Tenant did not sign lease, handed Security Deposit, now doesn't want the place and requesting refund

21 Replies

Yesterday, a prospective tenant called and scheduled a showing for one of my warehouse properties. Since I was out of town, I gave them the lock box code to tour the property. They looked at the property and texted me right back that they are very interested and would like to sign the lease right away as they were going out of country on Monday. I emailed the lease and told them that i need the signed lease and 4000$ cash(1 month rent(2000$) and 2000$ security deposit) and they can drop everything at one of my tenants as i was out of town. I get a text that she has an emergency and her mom will instead and come in and drop the cash and she will sign the lease electronically. This is when I smelled something fishy, but this property has been vacant for a while, So i thought I will take a chance. But to my surprise her mom came down and deposited 3000$ cash with my tenant and they gave her a receipt acknowledging the deposit. I texted back this morning again asking for the lease, she said she will sign and send it ASAP. I just got a text few mins back that they are not interested in signing the lease as they have to do extensive renovations and requesting a refund of their entire money as they have not signed the lease. 
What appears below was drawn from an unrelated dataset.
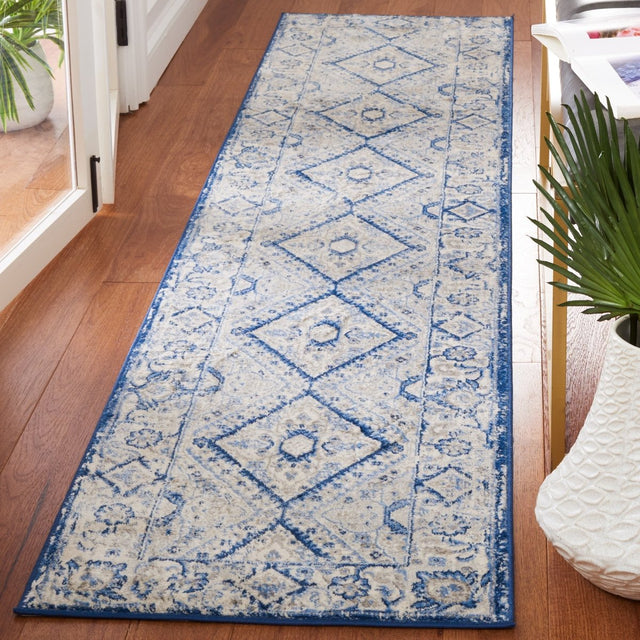 Safavieh Brentwood Bnt876M Blue/Ivory Rug.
I asked my friend to inspect the property now just to make sure and he said everything is fine except they key is missing.
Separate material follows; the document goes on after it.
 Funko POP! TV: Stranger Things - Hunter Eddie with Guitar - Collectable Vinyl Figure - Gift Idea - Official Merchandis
Based on your experience, Please advise what will be the best course of action... Thanks in advance for all your help!

Did the tenant that received the money count and or examine the bills? Might be trying to launder money, too, thinking of you deposit that cash, and cut them back a check, etc. Be very cautious.
Originally posted by @Rob Thompson :
Did the tenant that received the money count and or examine the bills?

Might be trying to launder money, too, thinking of you deposit that cash, and cut them back a check, etc.

Be very cautious.

 He counted and deposited the money over night in the bank, it has not shown up in my account yet. Can I legally hold off the security deposit?

Originally posted by @Raj Kumar :
Originally posted by @Rob Thompson:
Did the tenant that received the money count and or examine the bills?

Might be trying to launder money, too, thinking of you deposit that cash, and cut them back a check, etc.

Be very cautious.

 He counted and deposited the money over night in the bank, it has not shown up in my account yet. Can I legally hold off the security deposit?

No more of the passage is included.